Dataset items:
○ ○ ○ ○ ○ ○ ○
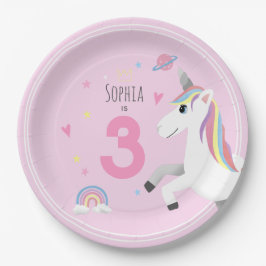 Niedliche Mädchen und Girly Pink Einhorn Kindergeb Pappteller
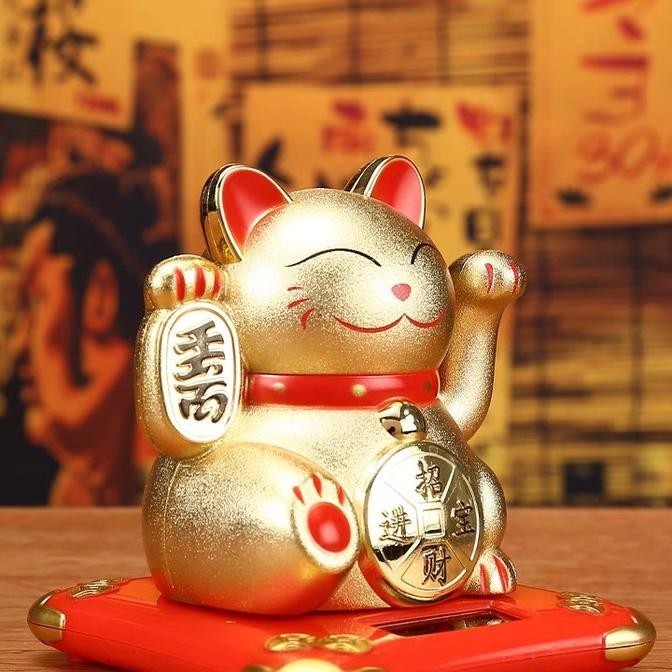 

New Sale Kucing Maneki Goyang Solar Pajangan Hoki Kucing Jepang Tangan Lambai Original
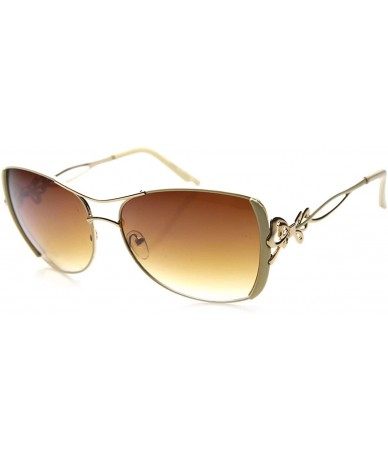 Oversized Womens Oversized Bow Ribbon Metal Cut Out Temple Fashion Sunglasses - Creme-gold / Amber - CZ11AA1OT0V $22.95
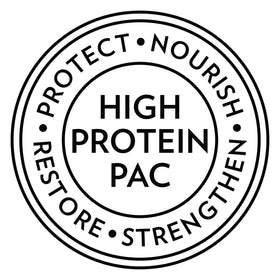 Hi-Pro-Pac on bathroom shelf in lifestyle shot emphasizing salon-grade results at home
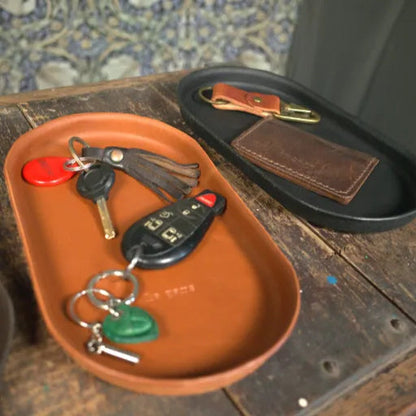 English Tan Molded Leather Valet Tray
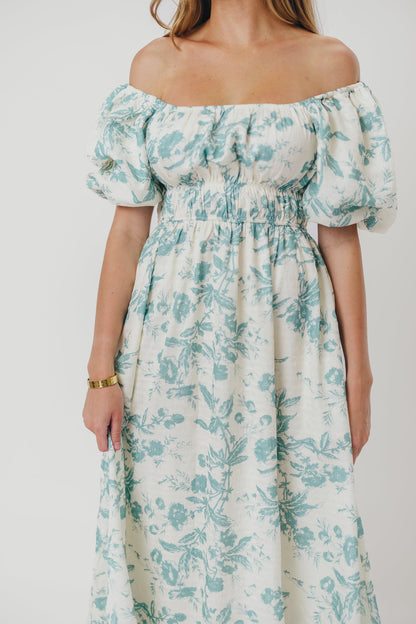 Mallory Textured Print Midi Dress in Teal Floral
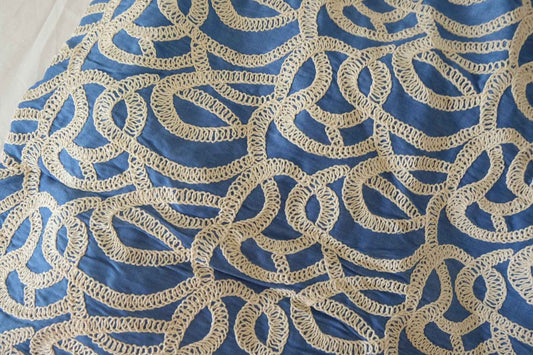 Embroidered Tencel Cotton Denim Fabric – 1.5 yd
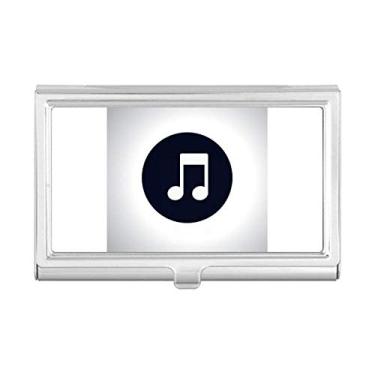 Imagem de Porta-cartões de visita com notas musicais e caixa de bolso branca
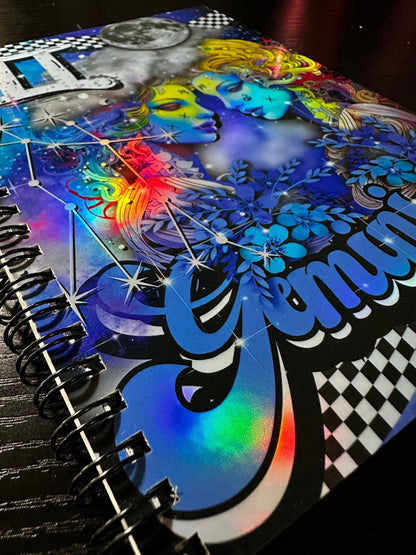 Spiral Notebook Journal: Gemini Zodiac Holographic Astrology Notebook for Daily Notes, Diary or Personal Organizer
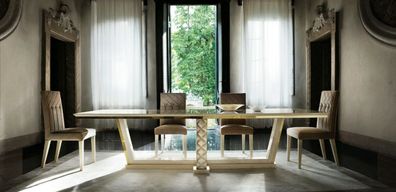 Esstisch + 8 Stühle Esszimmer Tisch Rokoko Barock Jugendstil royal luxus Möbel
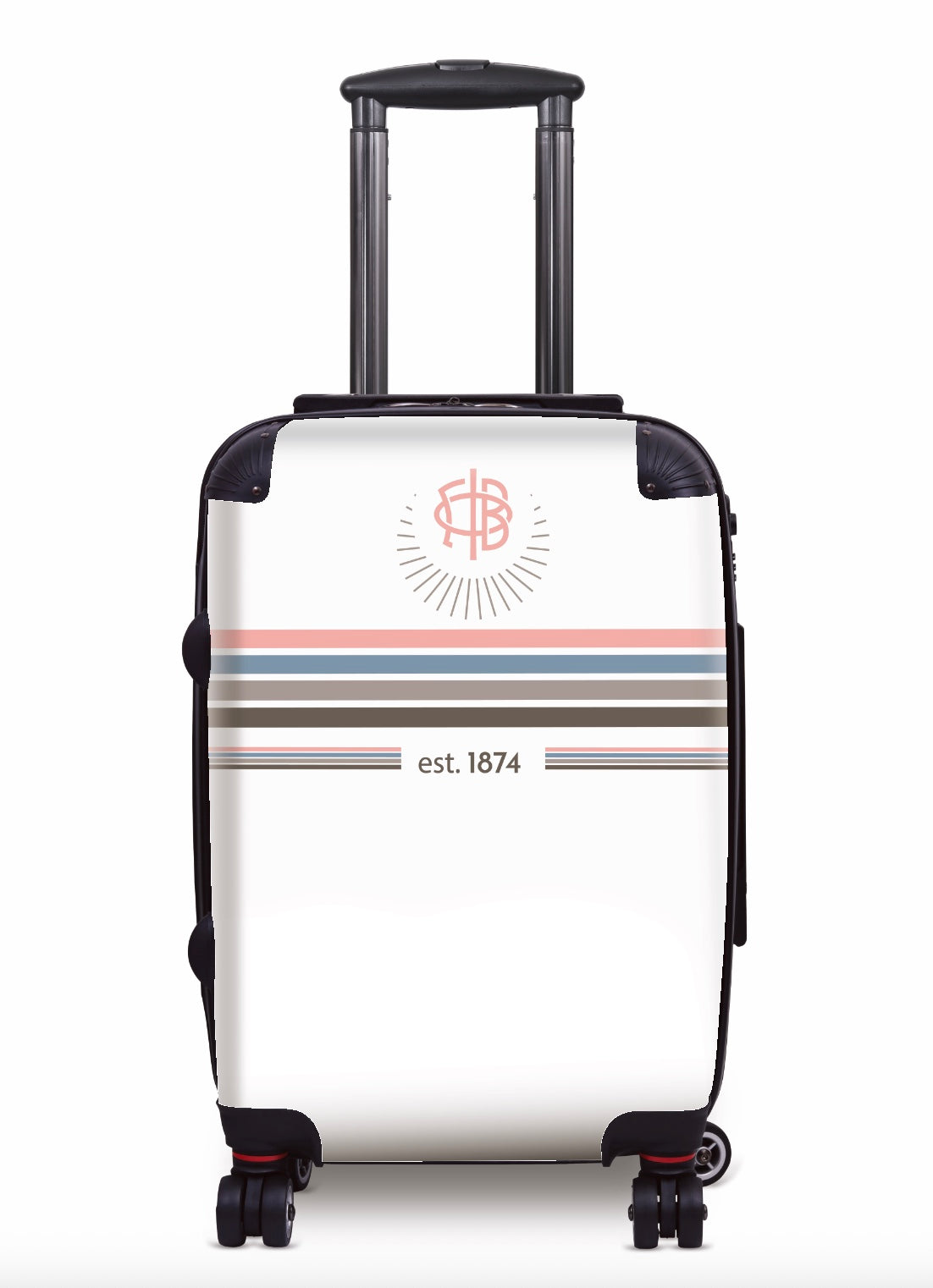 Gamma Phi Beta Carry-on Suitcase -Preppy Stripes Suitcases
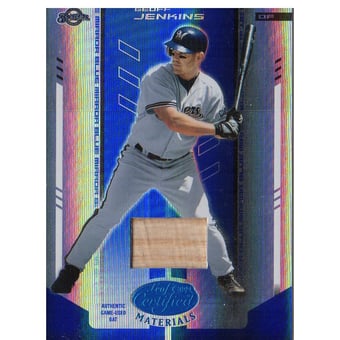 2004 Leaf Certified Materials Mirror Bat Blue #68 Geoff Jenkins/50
○ ○ ○ ○ ○ ○ ○
PROBLEM DETAILS
Would you reproduce, exactly and with nothing added, every line from the beginning of the entries above through the line that contains "Embroidered Tencel Cotton", both included, leaving out the pictures?

SOLUTION FOR THIS TASK
 Niedliche Mädchen und Girly Pink Einhorn Kindergeb Pappteller

New Sale Kucing Maneki Goyang Solar Pajangan Hoki Kucing Jepang Tangan Lambai Original
 Oversized Womens Oversized Bow Ribbon Metal Cut Out Temple Fashion Sunglasses - Creme-gold / Amber - CZ11AA1OT0V $22.95
 Hi-Pro-Pac on bathroom shelf in lifestyle shot emphasizing salon-grade results at home
 English Tan Molded Leather Valet Tray
 Mallory Textured Print Midi Dress in Teal Floral
 Embroidered Tencel Cotton Denim Fabric – 1.5 yd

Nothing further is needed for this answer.